§ Directions for this task: A word-for-word reproduction of the listing is required.

Segment Start: The input

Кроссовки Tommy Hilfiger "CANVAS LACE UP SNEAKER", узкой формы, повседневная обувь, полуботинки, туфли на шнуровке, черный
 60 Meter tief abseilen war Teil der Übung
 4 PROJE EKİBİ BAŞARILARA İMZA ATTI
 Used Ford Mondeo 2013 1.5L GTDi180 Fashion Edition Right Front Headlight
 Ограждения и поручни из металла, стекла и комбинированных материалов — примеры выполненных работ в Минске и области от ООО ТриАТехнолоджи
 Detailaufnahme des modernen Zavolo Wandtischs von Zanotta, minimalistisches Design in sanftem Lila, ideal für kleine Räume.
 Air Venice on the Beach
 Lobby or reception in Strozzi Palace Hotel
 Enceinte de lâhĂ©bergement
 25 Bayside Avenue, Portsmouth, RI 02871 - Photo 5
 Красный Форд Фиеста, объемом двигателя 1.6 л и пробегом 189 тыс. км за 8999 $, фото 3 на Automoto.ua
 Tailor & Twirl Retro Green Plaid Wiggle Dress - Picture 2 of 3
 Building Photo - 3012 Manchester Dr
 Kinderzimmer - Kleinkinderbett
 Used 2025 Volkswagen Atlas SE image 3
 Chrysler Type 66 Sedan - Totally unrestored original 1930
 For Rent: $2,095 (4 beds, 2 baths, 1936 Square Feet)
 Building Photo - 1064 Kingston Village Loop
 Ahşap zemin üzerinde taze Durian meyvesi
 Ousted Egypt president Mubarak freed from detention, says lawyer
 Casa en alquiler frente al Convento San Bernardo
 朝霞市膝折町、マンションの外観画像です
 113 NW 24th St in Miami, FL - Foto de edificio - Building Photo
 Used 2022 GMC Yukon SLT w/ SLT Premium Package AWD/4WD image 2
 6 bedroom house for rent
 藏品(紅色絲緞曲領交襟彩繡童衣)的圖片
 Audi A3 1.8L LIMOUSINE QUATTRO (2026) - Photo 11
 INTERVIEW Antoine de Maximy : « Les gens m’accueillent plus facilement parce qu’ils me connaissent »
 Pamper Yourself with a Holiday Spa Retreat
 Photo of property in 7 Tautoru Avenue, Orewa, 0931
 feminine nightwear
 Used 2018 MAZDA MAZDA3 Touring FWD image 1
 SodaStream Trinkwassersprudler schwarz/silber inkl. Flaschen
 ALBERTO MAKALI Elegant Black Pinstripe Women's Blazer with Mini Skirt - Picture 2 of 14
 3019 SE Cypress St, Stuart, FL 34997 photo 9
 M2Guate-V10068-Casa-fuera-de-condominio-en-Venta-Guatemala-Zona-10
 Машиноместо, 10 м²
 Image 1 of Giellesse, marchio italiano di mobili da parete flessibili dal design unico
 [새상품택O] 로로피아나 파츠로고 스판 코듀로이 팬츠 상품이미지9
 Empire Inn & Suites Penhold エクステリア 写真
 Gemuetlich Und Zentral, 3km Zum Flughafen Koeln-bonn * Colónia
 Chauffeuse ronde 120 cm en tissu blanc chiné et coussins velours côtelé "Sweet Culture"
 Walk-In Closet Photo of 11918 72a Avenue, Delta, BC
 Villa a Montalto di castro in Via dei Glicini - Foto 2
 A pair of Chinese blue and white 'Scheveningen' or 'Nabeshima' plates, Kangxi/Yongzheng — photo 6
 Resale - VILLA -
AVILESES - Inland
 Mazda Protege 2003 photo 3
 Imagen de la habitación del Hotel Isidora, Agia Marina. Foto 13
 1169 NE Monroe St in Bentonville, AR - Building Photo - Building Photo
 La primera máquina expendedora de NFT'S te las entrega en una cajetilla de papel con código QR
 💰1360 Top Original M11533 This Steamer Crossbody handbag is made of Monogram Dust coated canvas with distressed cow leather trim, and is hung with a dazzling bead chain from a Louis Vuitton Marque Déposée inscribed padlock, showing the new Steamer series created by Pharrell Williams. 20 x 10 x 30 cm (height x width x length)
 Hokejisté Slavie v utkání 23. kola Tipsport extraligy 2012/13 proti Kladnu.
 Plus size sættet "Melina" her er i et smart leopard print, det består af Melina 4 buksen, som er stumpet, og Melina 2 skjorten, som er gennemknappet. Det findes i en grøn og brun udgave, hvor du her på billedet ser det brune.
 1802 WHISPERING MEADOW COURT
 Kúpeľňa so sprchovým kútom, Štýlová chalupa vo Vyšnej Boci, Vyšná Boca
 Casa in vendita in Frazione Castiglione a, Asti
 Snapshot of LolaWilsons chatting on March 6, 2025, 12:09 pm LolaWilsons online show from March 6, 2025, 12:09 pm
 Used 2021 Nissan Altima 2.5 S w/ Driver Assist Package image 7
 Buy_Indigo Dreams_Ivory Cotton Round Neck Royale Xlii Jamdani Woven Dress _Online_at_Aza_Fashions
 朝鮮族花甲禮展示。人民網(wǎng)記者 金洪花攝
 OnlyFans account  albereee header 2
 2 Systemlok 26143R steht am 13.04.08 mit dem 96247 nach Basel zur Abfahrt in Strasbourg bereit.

Segment End: The input

§ Answer to the exercise:
Кроссовки Tommy Hilfiger "CANVAS LACE UP SNEAKER", узкой формы, повседневная обувь, полуботинки, туфли на шнуровке, черный
 60 Meter tief abseilen war Teil der Übung
 4 PROJE EKİBİ BAŞARILARA İMZA ATTI
 Used Ford Mondeo 2013 1.5L GTDi180 Fashion Edition Right Front Headlight
 Ограждения и поручни из металла, стекла и комбинированных материалов — примеры выполненных работ в Минске и области от ООО ТриАТехнолоджи
 Detailaufnahme des modernen Zavolo Wandtischs von Zanotta, minimalistisches Design in sanftem Lila, ideal für kleine Räume.
 Air Venice on the Beach
 Lobby or reception in Strozzi Palace Hotel
 Enceinte de lâhĂ©bergement
 25 Bayside Avenue, Portsmouth, RI 02871 - Photo 5
 Красный Форд Фиеста, объемом двигателя 1.6 л и пробегом 189 тыс. км за 8999 $, фото 3 на Automoto.ua
 Tailor & Twirl Retro Green Plaid Wiggle Dress - Picture 2 of 3
 Building Photo - 3012 Manchester Dr
 Kinderzimmer - Kleinkinderbett
 Used 2025 Volkswagen Atlas SE image 3
 Chrysler Type 66 Sedan - Totally unrestored original 1930
 For Rent: $2,095 (4 beds, 2 baths, 1936 Square Feet)
 Building Photo - 1064 Kingston Village Loop
 Ahşap zemin üzerinde taze Durian meyvesi
 Ousted Egypt president Mubarak freed from detention, says lawyer
 Casa en alquiler frente al Convento San Bernardo
 朝霞市膝折町、マンションの外観画像です
 113 NW 24th St in Miami, FL - Foto de edificio - Building Photo
 Used 2022 GMC Yukon SLT w/ SLT Premium Package AWD/4WD image 2
 6 bedroom house for rent
 藏品(紅色絲緞曲領交襟彩繡童衣)的圖片
 Audi A3 1.8L LIMOUSINE QUATTRO (2026) - Photo 11
 INTERVIEW Antoine de Maximy : « Les gens m’accueillent plus facilement parce qu’ils me connaissent »
 Pamper Yourself with a Holiday Spa Retreat
 Photo of property in 7 Tautoru Avenue, Orewa, 0931
 feminine nightwear
 Used 2018 MAZDA MAZDA3 Touring FWD image 1
 SodaStream Trinkwassersprudler schwarz/silber inkl. Flaschen
 ALBERTO MAKALI Elegant Black Pinstripe Women's Blazer with Mini Skirt - Picture 2 of 14
 3019 SE Cypress St, Stuart, FL 34997 photo 9
 M2Guate-V10068-Casa-fuera-de-condominio-en-Venta-Guatemala-Zona-10
 Машиноместо, 10 м²
 Image 1 of Giellesse, marchio italiano di mobili da parete flessibili dal design unico
 [새상품택O] 로로피아나 파츠로고 스판 코듀로이 팬츠 상품이미지9
 Empire Inn & Suites Penhold エクステリア 写真
 Gemuetlich Und Zentral, 3km Zum Flughafen Koeln-bonn * Colónia
 Chauffeuse ronde 120 cm en tissu blanc chiné et coussins velours côtelé "Sweet Culture"
 Walk-In Closet Photo of 11918 72a Avenue, Delta, BC
 Villa a Montalto di castro in Via dei Glicini - Foto 2
 A pair of Chinese blue and white 'Scheveningen' or 'Nabeshima' plates, Kangxi/Yongzheng — photo 6
 Resale - VILLA -
AVILESES - Inland
 Mazda Protege 2003 photo 3
 Imagen de la habitación del Hotel Isidora, Agia Marina. Foto 13
 1169 NE Monroe St in Bentonville, AR - Building Photo - Building Photo
 La primera máquina expendedora de NFT'S te las entrega en una cajetilla de papel con código QR
 💰1360 Top Original M11533 This Steamer Crossbody handbag is made of Monogram Dust coated canvas with distressed cow leather trim, and is hung with a dazzling bead chain from a Louis Vuitton Marque Déposée inscribed padlock, showing the new Steamer series created by Pharrell Williams. 20 x 10 x 30 cm (height x width x length)
 Hokejisté Slavie v utkání 23. kola Tipsport extraligy 2012/13 proti Kladnu.
 Plus size sættet "Melina" her er i et smart leopard print, det består af Melina 4 buksen, som er stumpet, og Melina 2 skjorten, som er gennemknappet. Det findes i en grøn og brun udgave, hvor du her på billedet ser det brune.
 1802 WHISPERING MEADOW COURT
 Kúpeľňa so sprchovým kútom, Štýlová chalupa vo Vyšnej Boci, Vyšná Boca
 Casa in vendita in Frazione Castiglione a, Asti
 Snapshot of LolaWilsons chatting on March 6, 2025, 12:09 pm LolaWilsons online show from March 6, 2025, 12:09 pm
 Used 2021 Nissan Altima 2.5 S w/ Driver Assist Package image 7
 Buy_Indigo Dreams_Ivory Cotton Round Neck Royale Xlii Jamdani Woven Dress _Online_at_Aza_Fashions
 朝鮮族花甲禮展示。人民網(wǎng)記者 金洪花攝
 OnlyFans account  albereee header 2
 2 Systemlok 26143R steht am 13.04.08 mit dem 96247 nach Basel zur Abfahrt in Strasbourg bereit.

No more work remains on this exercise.